Presenters’ use many different techniques in an attempt to keep the audience’s attention. I think that personal narratives, statistics, and factual or hypothetical illustrations are effective types of verbal support, but if these types of verbal support are used incorrectly, they can be ineffective. As long as the narrative, statistic, or illustration is relatable, interesting, easy to understand, and presented properly, these types of verbal support work well. I think any type of definition is boring, but any type of verbal support used incorrectly can be boring as well. I think that personal narratives or statistics help me to understand the topic the most, because statistics are facts and cannot be logically argued against, and personal narrative relate the topic to my own life, and actually cause me to think about the different aspects of the topic. I think any type that is not presented or explained well enough is confusing, but if the speaker takes their time and puts technical terminology into plain English, then even quantum physics can be to understand to a certain degree.

Monday, February 1, 2010

Week 1 Blog


Today’s society encourages us to always be connected. Most of us have cell phones and facebook accounts so we are never out of reach of communicating with people. We communicate constantly in multiple different ways. For this reason, I believe that UW-River Falls requires a communication course because communication is a vital skill needed in order to be successful in all areas of life. We are going to this university to get degrees and to go out into the real world and get good jobs, and every job requires some form of communication whether it is in person, over the phone, or on the Internet. Therefore, communication is a necessary skill.


I use communication throughout my day. I talk to my professors and peers. I log onto facebook and my email account daily to communicate over the Internet. I talk to and text friends and family. I write old fashioned letters to a friend in Eau Claire. Communication is a daily part of our lives just like breathing or eating. I use intrapersonal communication the most. I am constantly thinking and planning. Next, I use interpersonal and mediated communication frequently. I talk to my friends and peers here on campus daily. I also use the Internet and my cell phone to communicate with people.

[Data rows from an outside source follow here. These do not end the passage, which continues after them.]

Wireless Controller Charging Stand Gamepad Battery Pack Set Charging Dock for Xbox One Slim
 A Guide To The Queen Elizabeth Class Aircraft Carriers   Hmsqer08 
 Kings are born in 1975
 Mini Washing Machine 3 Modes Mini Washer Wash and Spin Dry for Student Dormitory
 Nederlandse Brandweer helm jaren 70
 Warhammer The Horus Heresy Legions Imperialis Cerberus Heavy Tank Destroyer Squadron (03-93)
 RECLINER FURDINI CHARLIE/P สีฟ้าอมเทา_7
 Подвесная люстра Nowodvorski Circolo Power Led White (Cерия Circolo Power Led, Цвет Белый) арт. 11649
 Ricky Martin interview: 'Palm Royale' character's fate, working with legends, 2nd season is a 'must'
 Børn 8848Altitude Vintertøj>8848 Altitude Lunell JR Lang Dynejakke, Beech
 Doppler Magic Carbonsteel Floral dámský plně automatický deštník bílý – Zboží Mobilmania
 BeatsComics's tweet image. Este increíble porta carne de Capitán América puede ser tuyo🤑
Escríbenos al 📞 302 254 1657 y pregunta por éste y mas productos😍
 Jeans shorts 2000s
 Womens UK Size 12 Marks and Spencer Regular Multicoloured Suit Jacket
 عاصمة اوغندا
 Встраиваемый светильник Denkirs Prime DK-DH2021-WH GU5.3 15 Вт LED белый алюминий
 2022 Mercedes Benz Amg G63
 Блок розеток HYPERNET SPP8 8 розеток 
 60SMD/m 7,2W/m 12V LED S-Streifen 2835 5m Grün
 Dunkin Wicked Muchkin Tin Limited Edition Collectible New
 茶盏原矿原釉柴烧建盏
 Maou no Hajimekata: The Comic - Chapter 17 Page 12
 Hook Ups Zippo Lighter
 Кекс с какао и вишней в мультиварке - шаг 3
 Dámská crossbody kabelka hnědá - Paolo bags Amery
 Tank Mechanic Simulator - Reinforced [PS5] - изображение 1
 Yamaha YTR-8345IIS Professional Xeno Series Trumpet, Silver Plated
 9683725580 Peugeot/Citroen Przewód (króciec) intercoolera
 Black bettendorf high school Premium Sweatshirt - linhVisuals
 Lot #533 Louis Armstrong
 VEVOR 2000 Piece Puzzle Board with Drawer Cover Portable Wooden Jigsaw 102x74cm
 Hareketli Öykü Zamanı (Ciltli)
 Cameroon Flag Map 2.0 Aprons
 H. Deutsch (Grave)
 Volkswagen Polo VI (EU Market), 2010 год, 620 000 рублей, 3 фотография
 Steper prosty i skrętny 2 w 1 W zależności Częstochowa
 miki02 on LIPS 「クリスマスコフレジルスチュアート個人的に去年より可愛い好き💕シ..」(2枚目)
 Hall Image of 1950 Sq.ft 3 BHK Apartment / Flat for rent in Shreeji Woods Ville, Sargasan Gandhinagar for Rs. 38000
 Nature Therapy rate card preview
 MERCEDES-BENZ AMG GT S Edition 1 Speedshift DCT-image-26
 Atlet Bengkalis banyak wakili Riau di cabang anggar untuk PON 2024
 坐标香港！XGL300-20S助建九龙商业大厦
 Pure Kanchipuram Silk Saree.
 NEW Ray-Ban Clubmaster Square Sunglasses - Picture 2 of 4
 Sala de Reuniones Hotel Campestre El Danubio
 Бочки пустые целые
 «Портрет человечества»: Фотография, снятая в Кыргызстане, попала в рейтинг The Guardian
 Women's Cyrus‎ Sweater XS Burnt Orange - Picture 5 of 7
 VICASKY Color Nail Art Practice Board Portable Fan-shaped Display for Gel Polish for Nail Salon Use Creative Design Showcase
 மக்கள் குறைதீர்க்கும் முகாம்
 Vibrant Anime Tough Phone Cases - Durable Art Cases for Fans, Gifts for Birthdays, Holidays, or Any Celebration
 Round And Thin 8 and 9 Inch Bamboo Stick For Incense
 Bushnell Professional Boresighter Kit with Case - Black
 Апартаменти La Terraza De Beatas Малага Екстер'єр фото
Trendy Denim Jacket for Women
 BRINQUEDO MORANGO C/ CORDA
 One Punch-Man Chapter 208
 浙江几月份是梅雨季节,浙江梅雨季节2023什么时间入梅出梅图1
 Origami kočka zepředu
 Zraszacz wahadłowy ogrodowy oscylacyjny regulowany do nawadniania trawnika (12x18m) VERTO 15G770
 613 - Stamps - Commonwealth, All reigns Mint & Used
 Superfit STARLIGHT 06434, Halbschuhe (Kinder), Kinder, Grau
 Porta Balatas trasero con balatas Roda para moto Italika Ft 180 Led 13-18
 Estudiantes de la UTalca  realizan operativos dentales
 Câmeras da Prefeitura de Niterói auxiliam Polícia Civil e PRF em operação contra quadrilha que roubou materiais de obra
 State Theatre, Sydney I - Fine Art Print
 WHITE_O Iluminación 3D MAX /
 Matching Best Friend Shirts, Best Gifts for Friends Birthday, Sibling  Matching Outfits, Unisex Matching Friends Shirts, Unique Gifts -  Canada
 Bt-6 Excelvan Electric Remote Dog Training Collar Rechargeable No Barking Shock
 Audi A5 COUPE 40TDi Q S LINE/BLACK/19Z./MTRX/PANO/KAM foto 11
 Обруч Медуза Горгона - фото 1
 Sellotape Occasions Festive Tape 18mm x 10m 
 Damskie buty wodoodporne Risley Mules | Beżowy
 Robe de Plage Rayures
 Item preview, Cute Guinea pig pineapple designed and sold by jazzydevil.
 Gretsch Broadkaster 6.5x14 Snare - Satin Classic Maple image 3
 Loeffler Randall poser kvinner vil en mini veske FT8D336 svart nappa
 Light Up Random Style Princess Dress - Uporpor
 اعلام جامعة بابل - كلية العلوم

My goals for this course are to be able to decrease my self-consciousness, speech anxiety, and negative thoughts. I want to be able to confidently state my opinion with worrying what other people think of what I am wearing or how my hair looks. I want to be able to deliver a speech without rocking back and forth on my feet or shifting my weight from leg to leg, which are a bad habits of mine. Also, I want to decrease my negativity. I am my own worst critic. I hope that this course can improve these aspects of myself as well as improve my overall speaking ability.